To find the initial activity of a radioactive substance given its half-life and activity after a certain time, we can follow these steps: ### Step 1: Understand the relationship between activity and time The activity \( R \) at any time \( t \) is related to the initial activity \( R_0 \) by the equation: \[ R = R_0 e^{-\lambda t} \] where \( \lambda \) is the decay constant. ### Step 2: Calculate the decay constant \( \lambda \) The decay constant \( \lambda \) is related to the half-life \( T_{1/2} \) by the formula: \[ \lambda = \frac{\ln 2}{T_{1/2}} \] Given that the half-life \( T_{1/2} = 6 \, \text{h} \): \[ \lambda = \frac{\ln 2}{6 \, \text{h}} \] ### Step 3: Substitute the values into the activity equation We know that after \( 24 \, \text{h} \), the activity \( R = 0.01 \, \mu C \).

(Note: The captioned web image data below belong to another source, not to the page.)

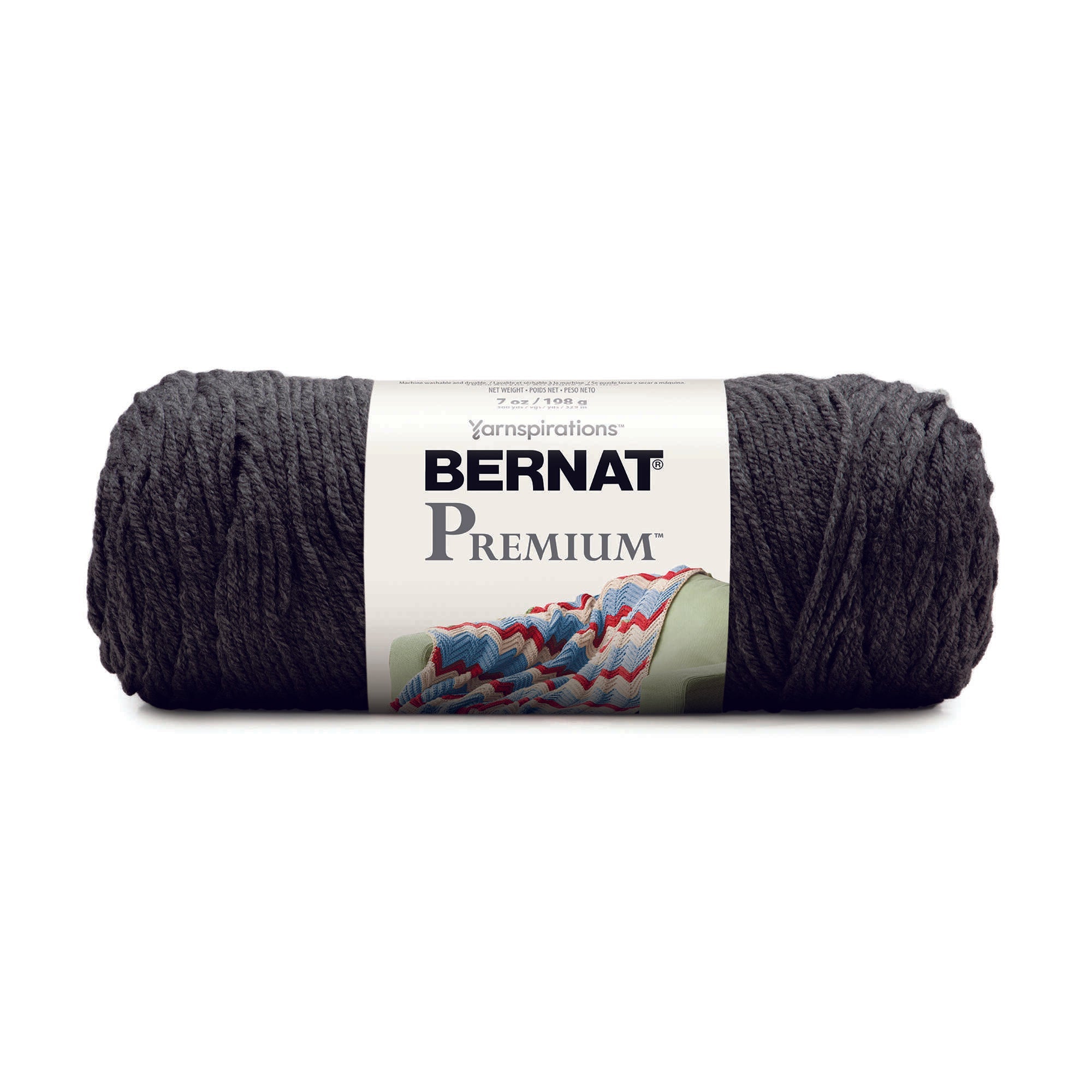 Premium Yarn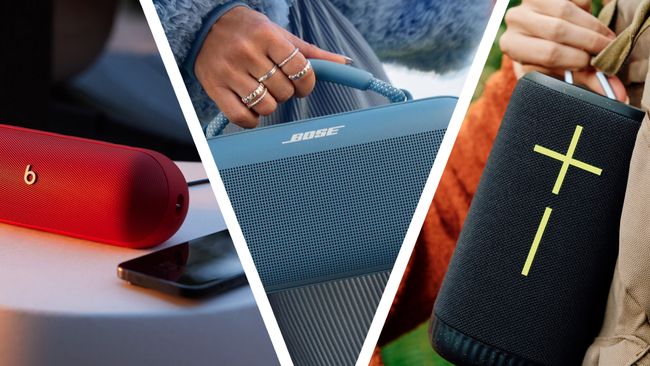 Bluetooth Speakers In 2024 The 5 Biggest Launches So Far And What S Bluetooth Speakers In 2024 The 5 Biggest Launches So Far And What S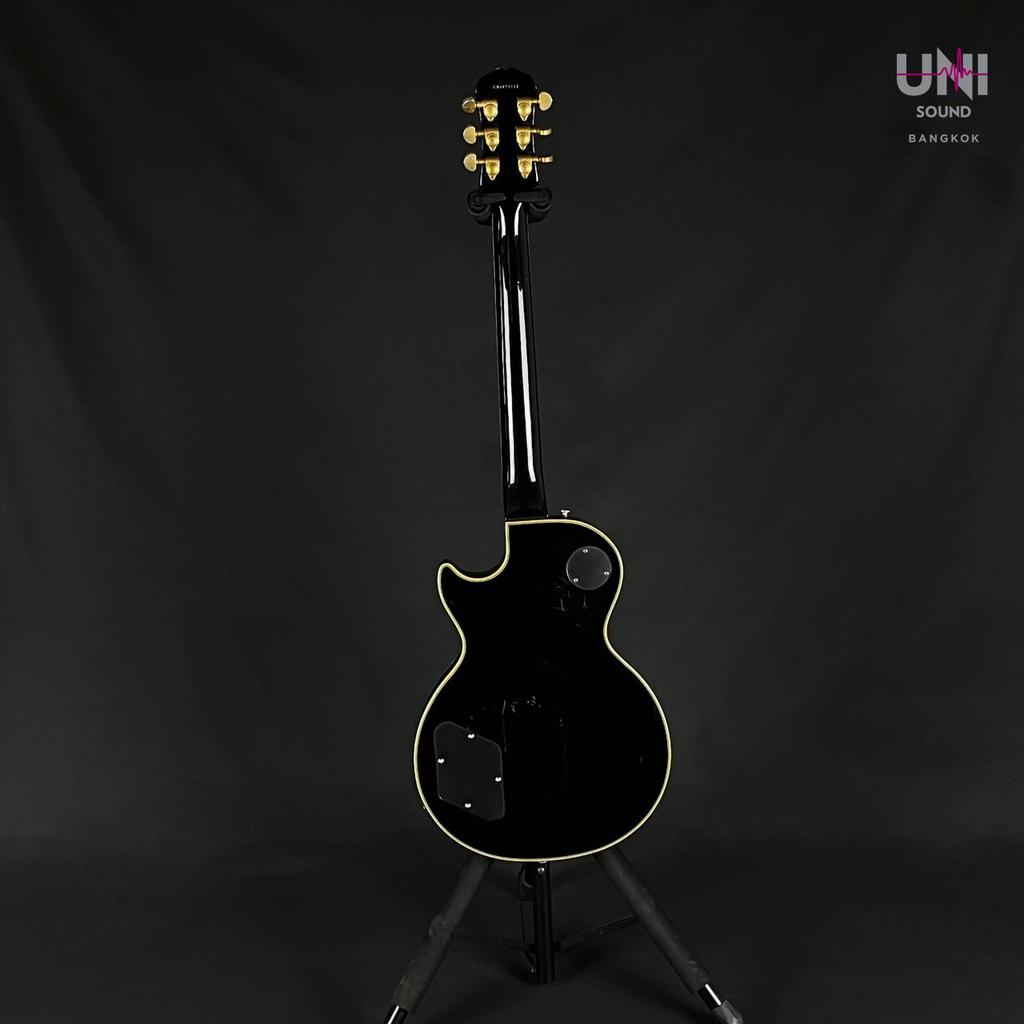 Epiphone Korea Les Paul Custom - UN-36-5094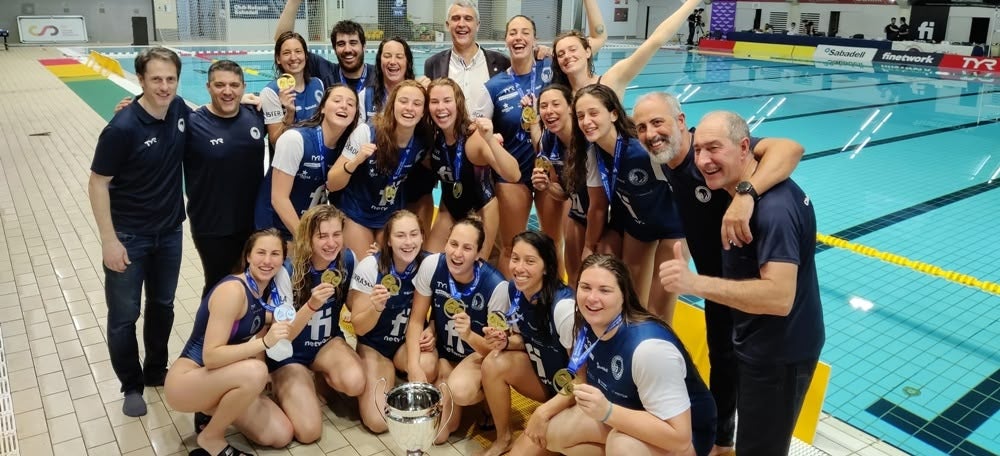 Celebració del títol a la Bombonera. Autor: J.Sánchez.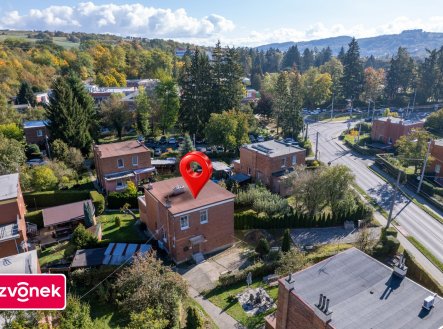 Prodej domu/vily, 83 m²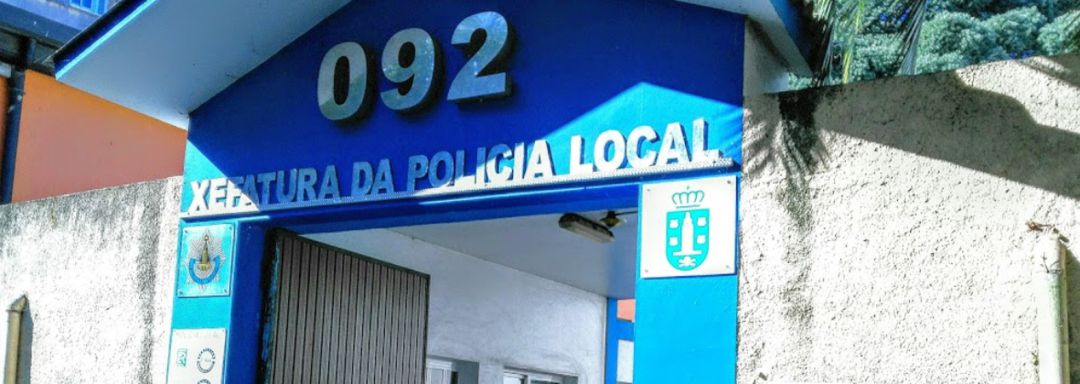 Policía Local Policía Local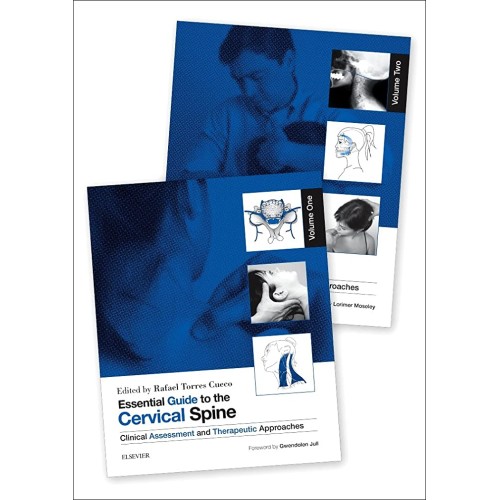 Essential Guide to the Cervical Spine - 2-Volume Set - 1E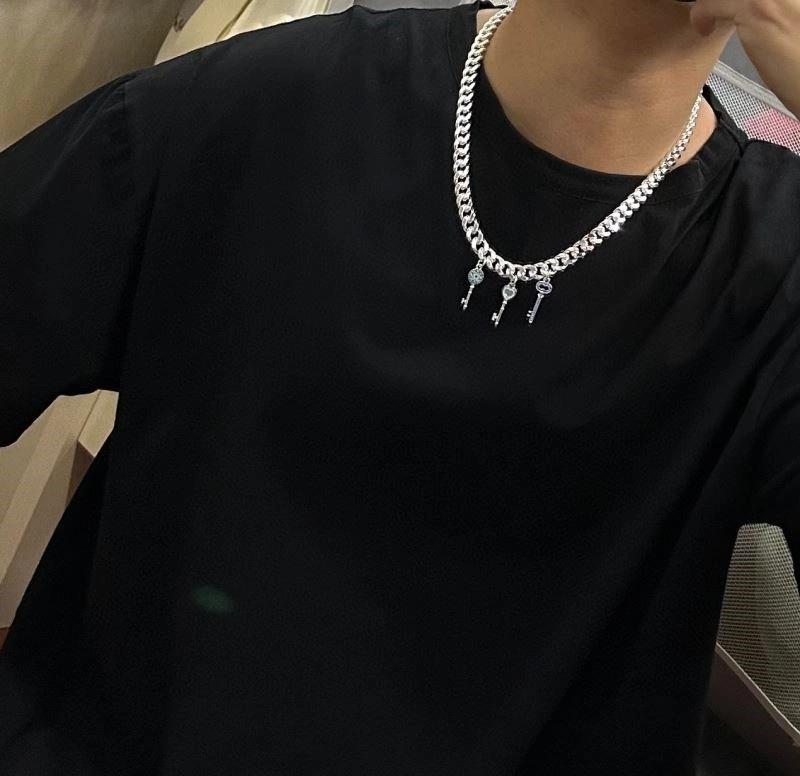 Tiffany Necklaces Efficient 252662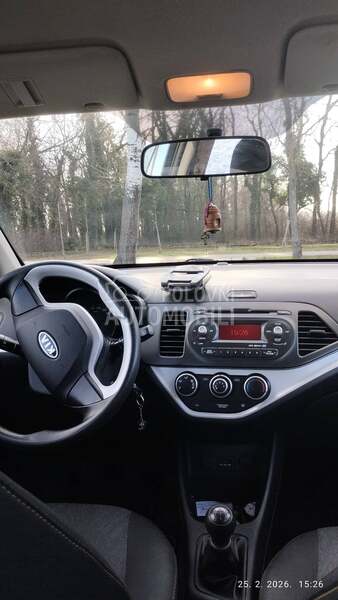 Kia Picanto 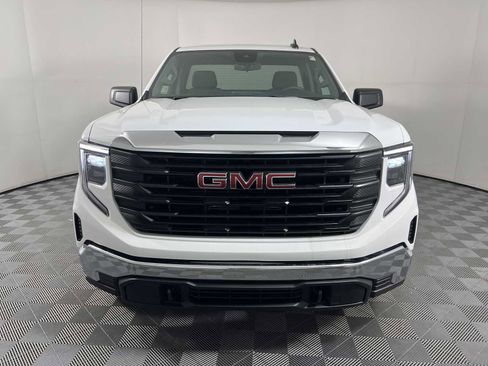 New 2026 GMC Sierra 1500 Pro w/ Convenience Package AWD/4WD image 2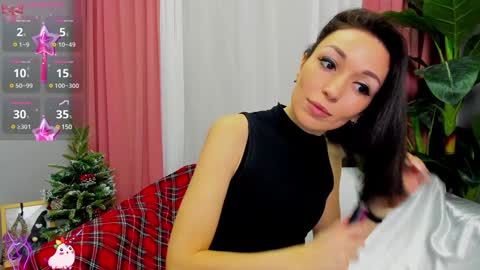 Jessica online show from December 2024 01:55:02 AM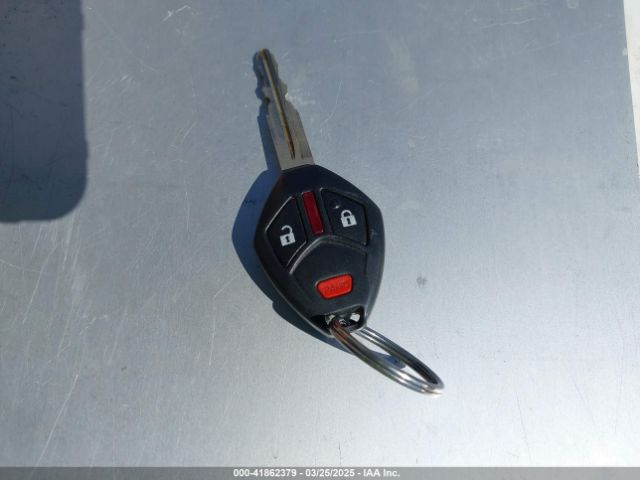 4A4AP3AUXEE003879 Mitsubishi Outlander Sport Es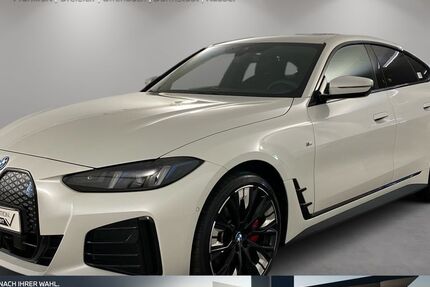 BMW i4 22.683 km 61.280 &euro; Kassel 34125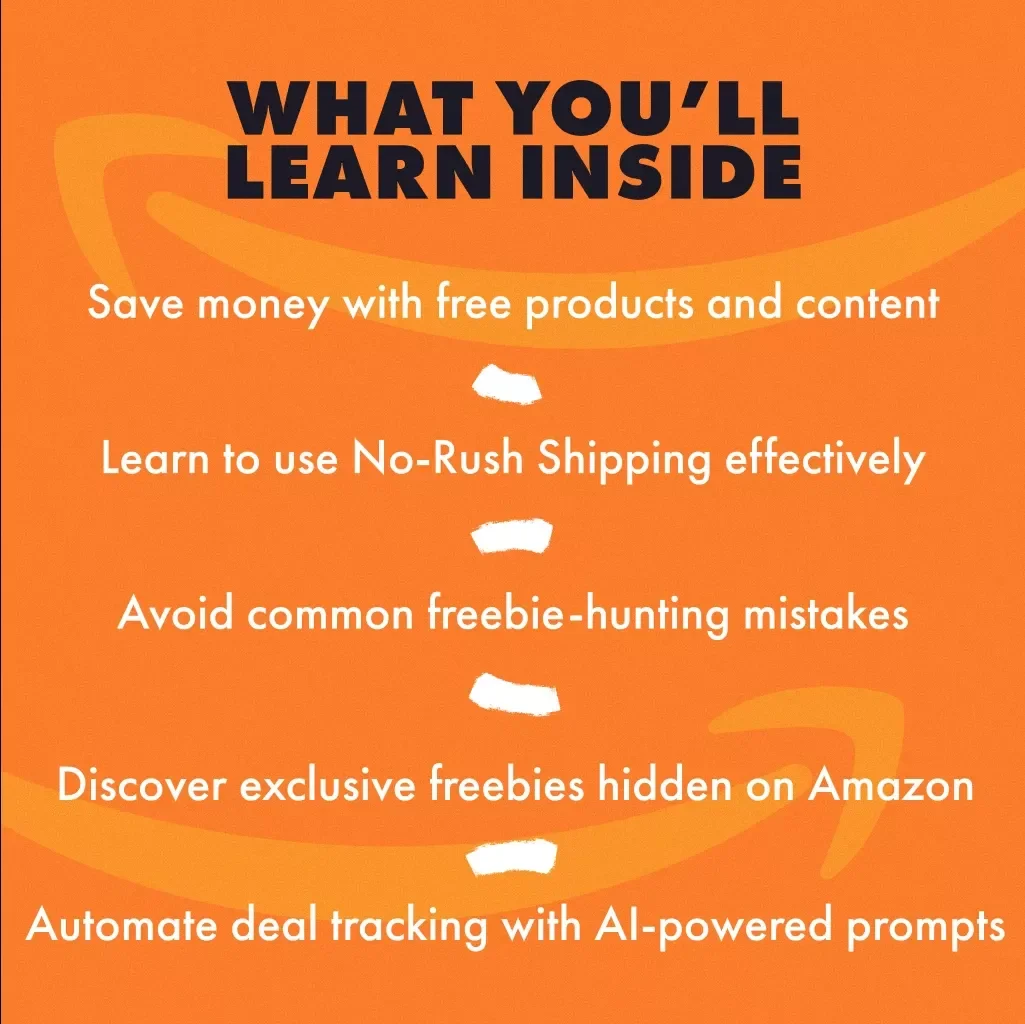 Maximize Freebies with Amazon No-Rush Shipping: The Ultimate Guide for Freebie Hunters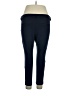 Old Navy Solid Blue Active Pants Size 16 - photo 2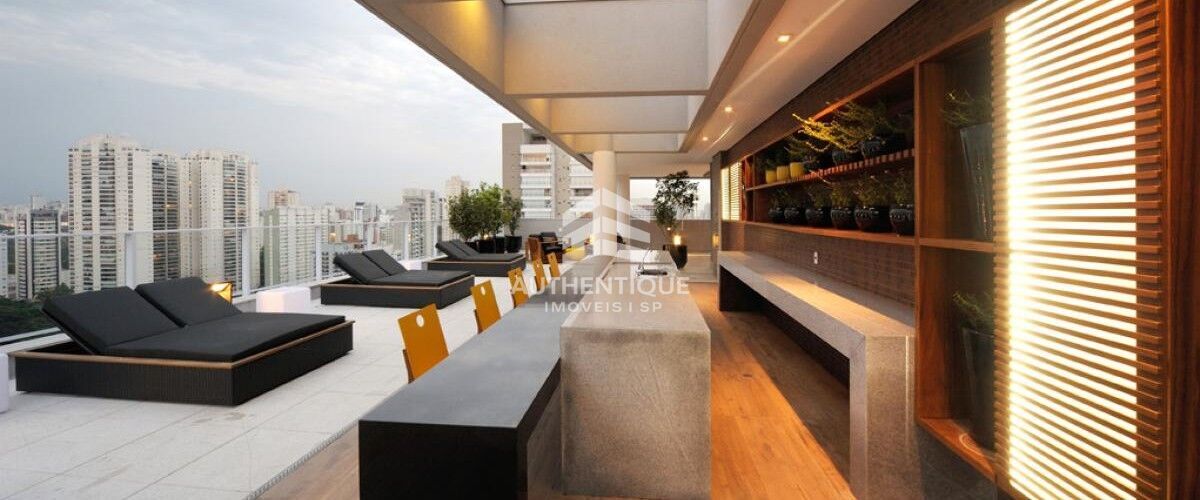 Apartamento, 1 quarto, 42 m² - Foto 27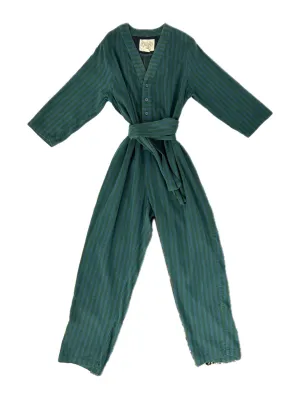 Ace & Jig Corduroy Striped Jumpsuit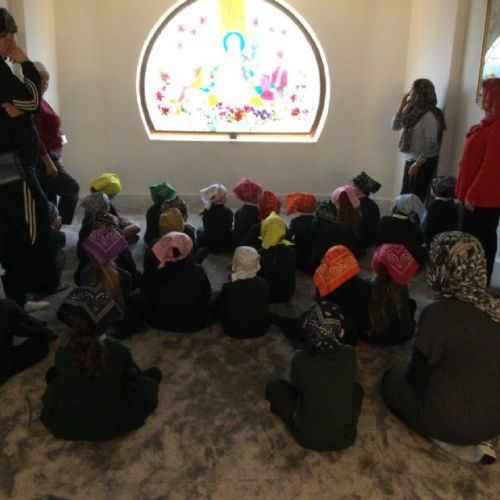 GurdwaraY2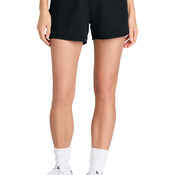 Women's Club 5' Short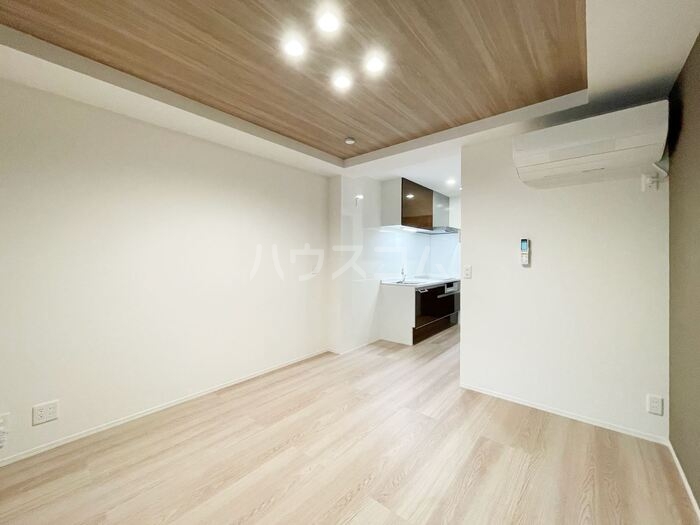 3/27 リビング/ダイニング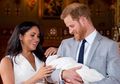 Bukan Bayinya, Justru Penampilan Meghan Markle Setelah Melahirkan Banyak Menarik Perhatian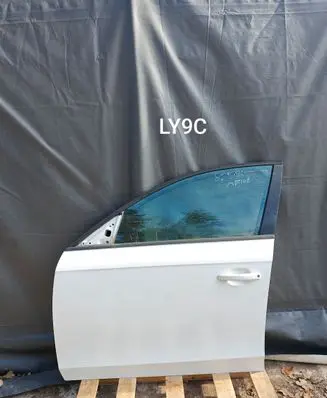 Audi A4 S4 B8 8K Front door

We can substitute \( t = 24 \, \text{h} \) into the activity equation: \[ 0.01 = R_0 e^{-\lambda \cdot 24} \] ### Step 4: Calculate \( \lambda \cdot t \) Substituting \( \lambda \) into the equation: \[ -\lambda \cdot 24 = -\left(\frac{\ln 2}{6}\right) \cdot 24 = -4 \ln 2 \] Thus, the equation becomes: \[ 0.01 = R_0 e^{-4 \ln 2} \] ### Step 5: Simplify the equation Using the property \( e^{\ln a} = a \): \[ e^{-4 \ln 2} = (e^{\ln 2})^{-4} = 2^{-4} = \frac{1}{16} \] So we can rewrite the equation as: \[ 0.01 = R_0 \cdot \frac{1}{16} \] ### Step 6: Solve for \( R_0 \) To find \( R_0 \): \[ R_0 = 0.01 \cdot 16 = 0.16 \, \mu C \] ### Conclusion The initial activity \( R_0 \) is \( 0.16 \, \mu C \). ### Final Answer The initial activity was \( 0.16 \, \mu C \). ---